Problem to solve - Begin at the line below that has "Hand Press Food". Stop after the line that has "Miniatura Carro Antigo", repeating each line exactly and leaving out the pictures.

Data supplied -

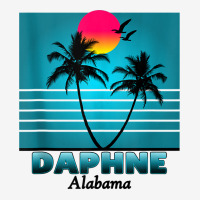 Daphne Alabama Holiday Retro Vintage Gift Tshirt Tank Top Baby Bibs | Artistshot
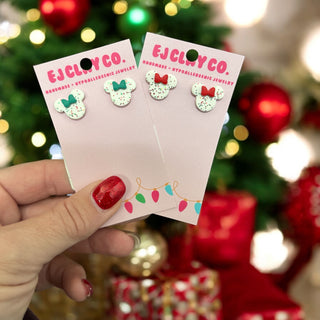 Christmas Clay Earrings
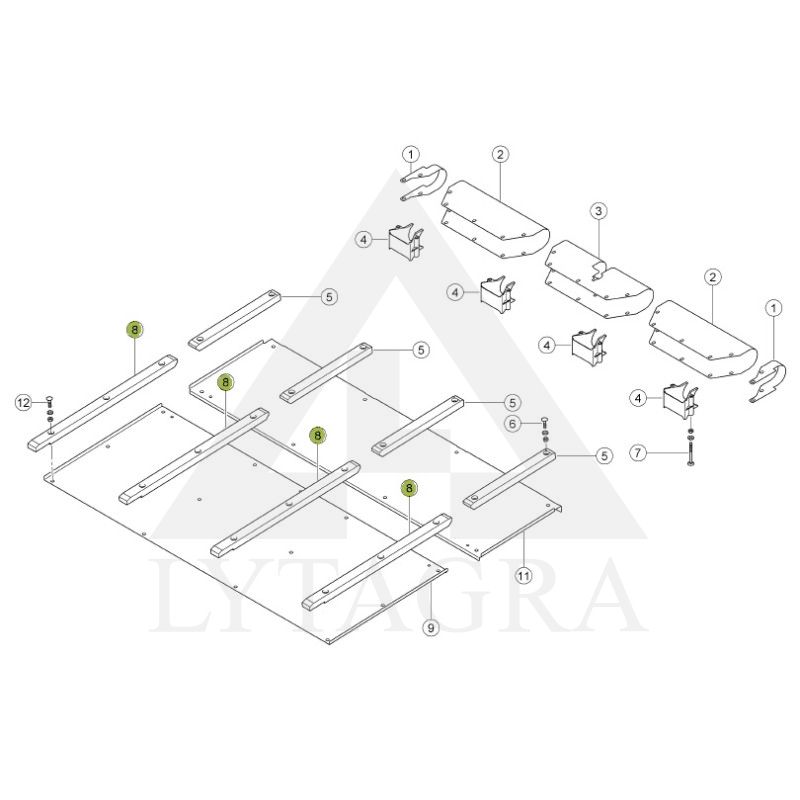 Slopintuvas 729 MM CLAAS 531459 Slopintuvas 729 MM CLAAS 531459
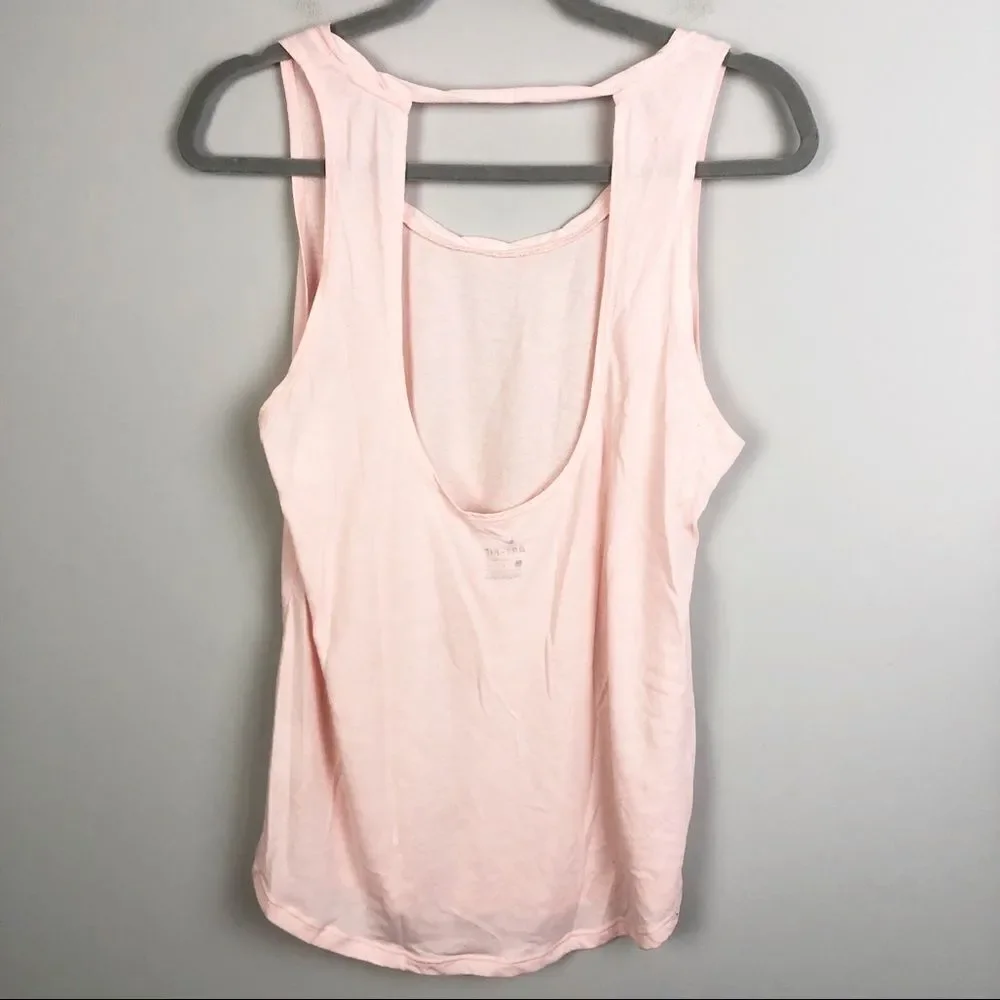 NIKE | Dri Fit Cutout Back Light Peach Tank Top Women’s Large
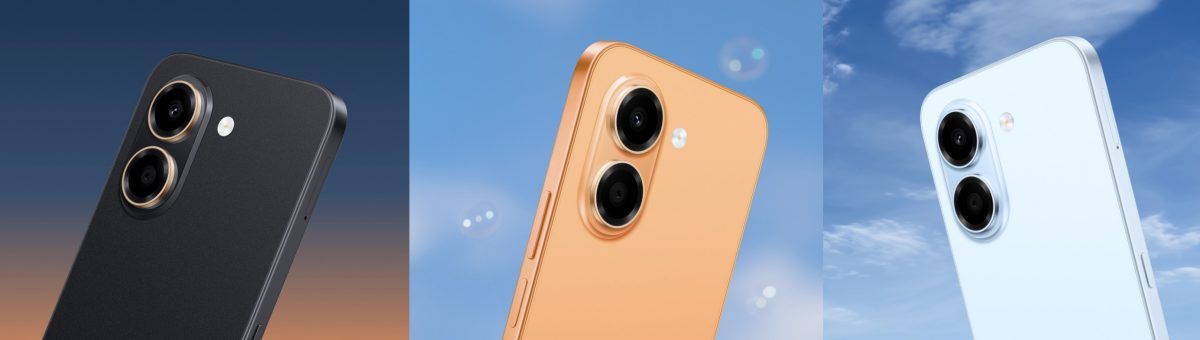 Honor X7e:n värivaihtoehdot.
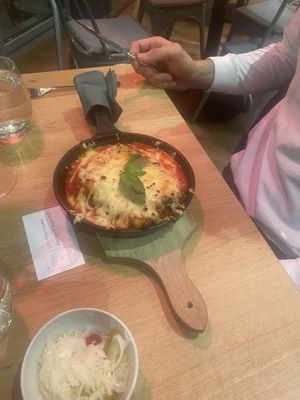 Vegan lasagna   at Vegan Garden Budapest in Budapest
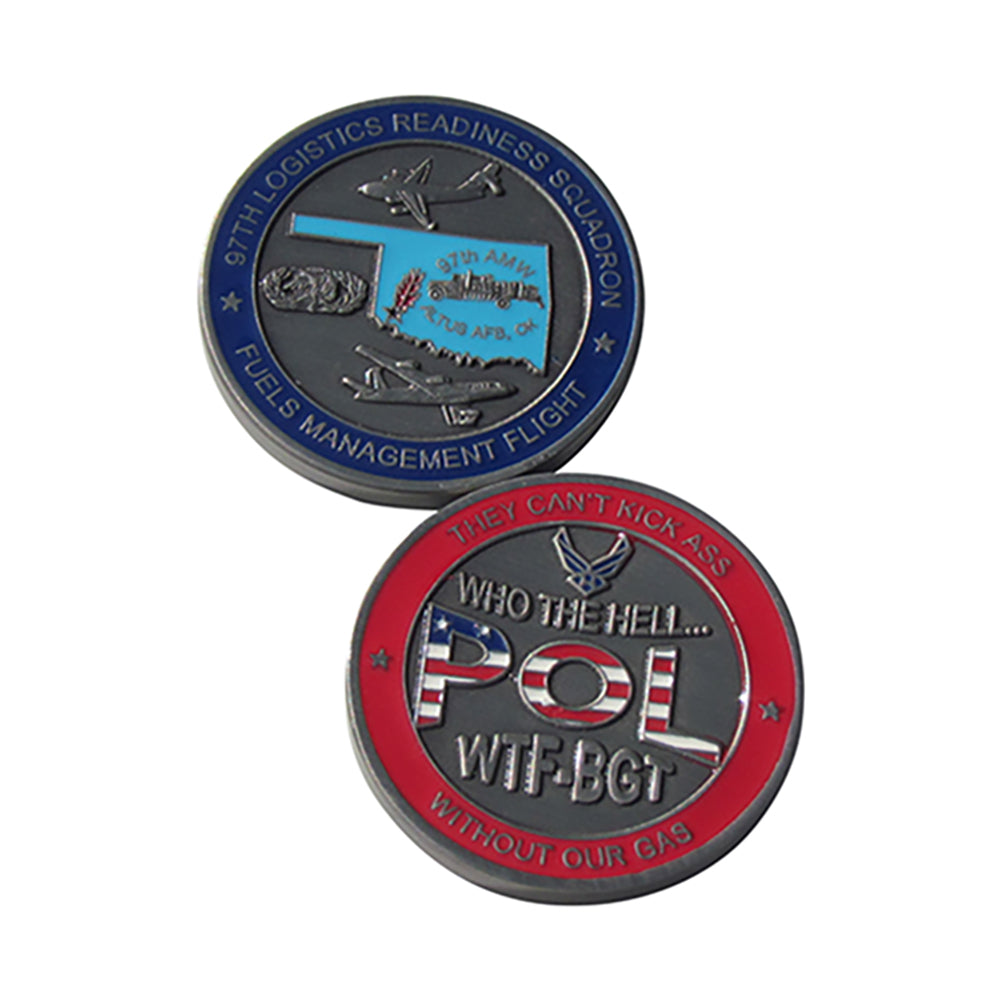 USAF 97th Logistics Readiness Squadron Challenge Coin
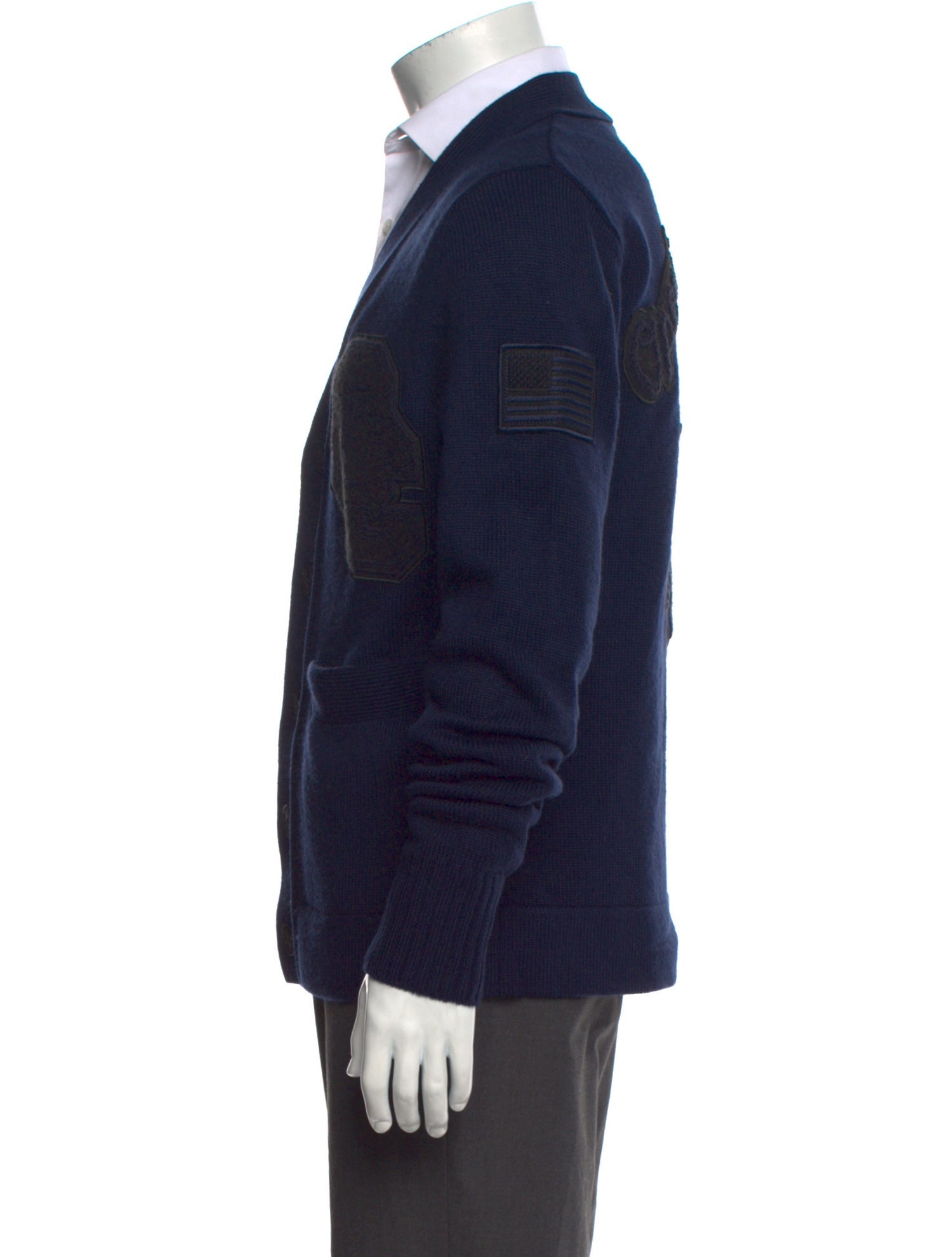 Opening Ceremony V-Neck Long Sleeve Cardigan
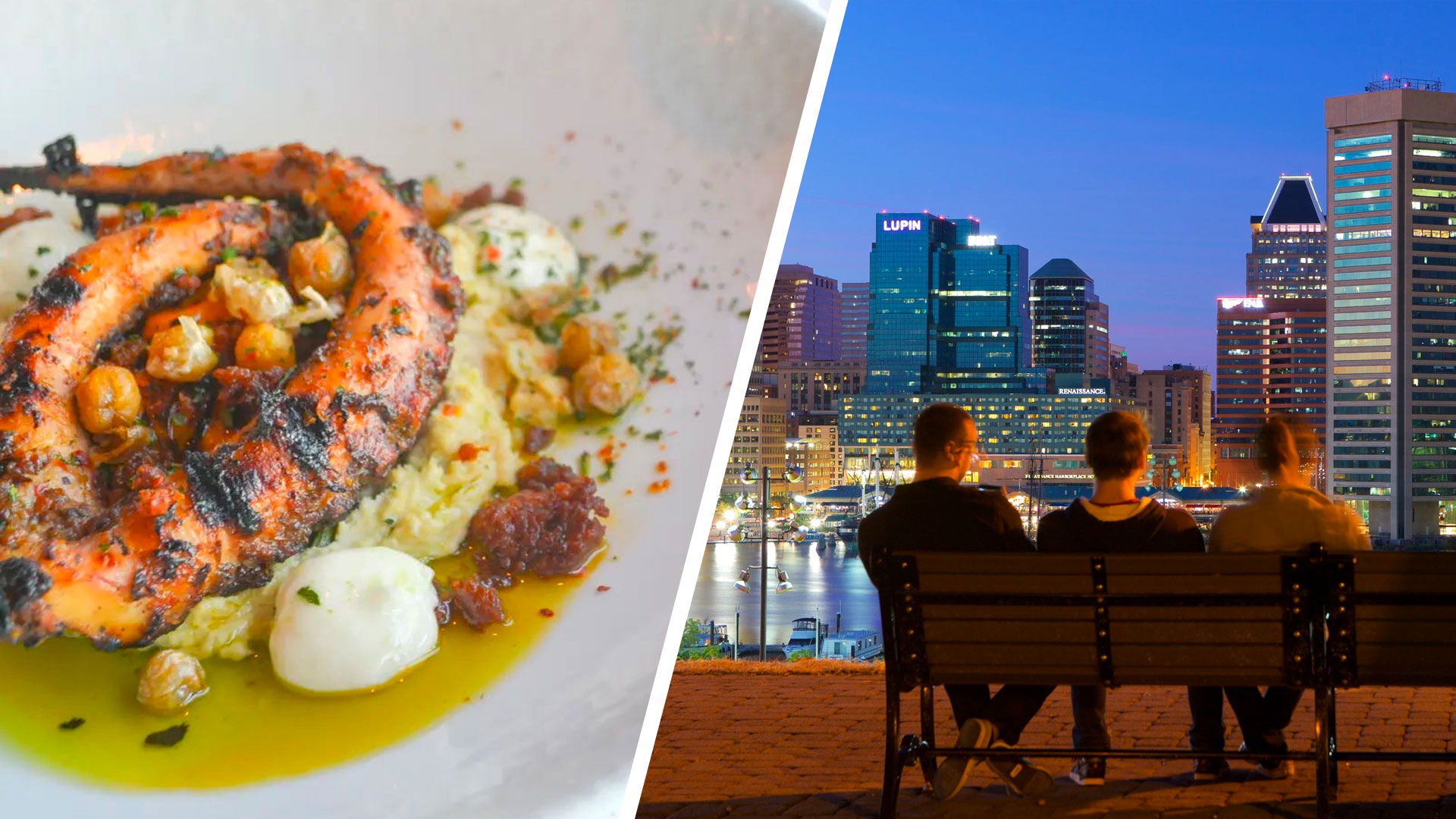 Baltimore Winter Restaurant Week Eat Like a Tourist Pairing - Rusty Scupper and Federal Hill Park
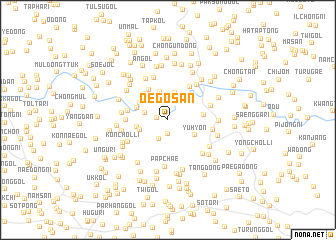 map of Oegŏsan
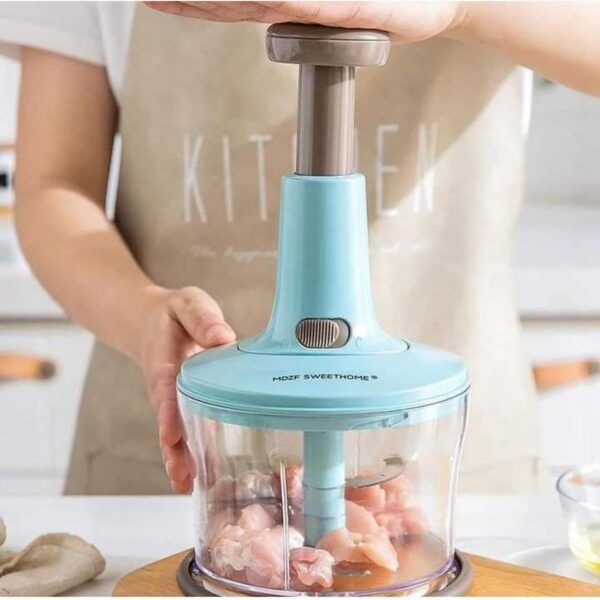 Hand Press Food Chopper 1500ml & 2000ml Manual Vegetable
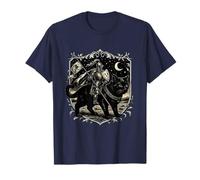 Knight Cat Rider Retro Anni '90 Gatto Medievale Fairycore Dark Art Maglietta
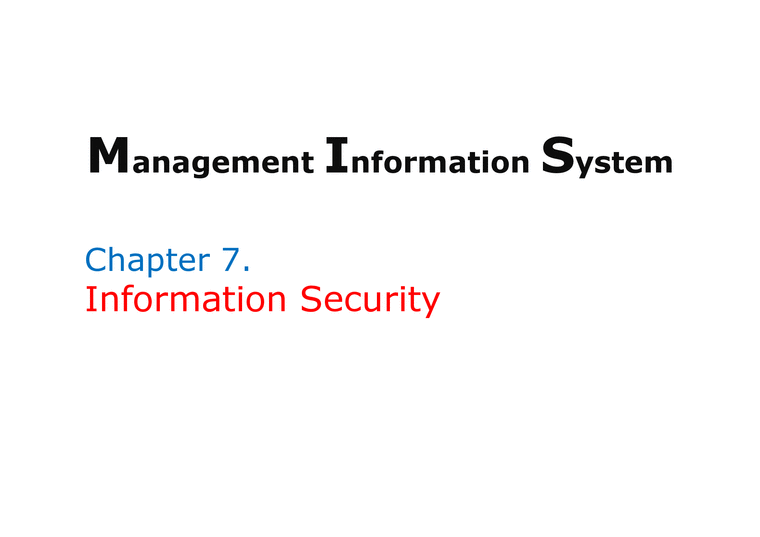 Chapter 7.Information Security-1페이지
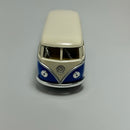 Miniatura Carro Antigo Clássico Brasileiro Volkswagen Kombi 1962 Azul Escala 1/36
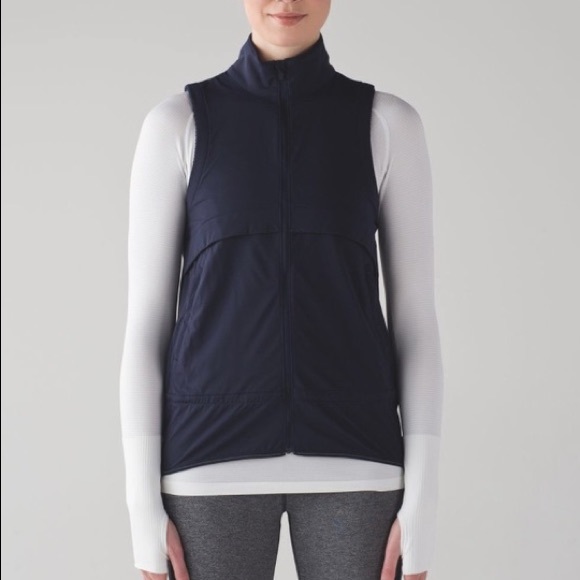 Lululemon Kicking Asphalt Vest  Navy  Blue - Picture 1 of 8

Answer to this problem -
 Hand Press Food Chopper 1500ml & 2000ml Manual Vegetable
 Knight Cat Rider Retro Anni '90 Gatto Medievale Fairycore Dark Art Maglietta
 Chapter 7.Information Security-1페이지
 Miniatura Carro Antigo Clássico Brasileiro Volkswagen Kombi 1962 Azul Escala 1/36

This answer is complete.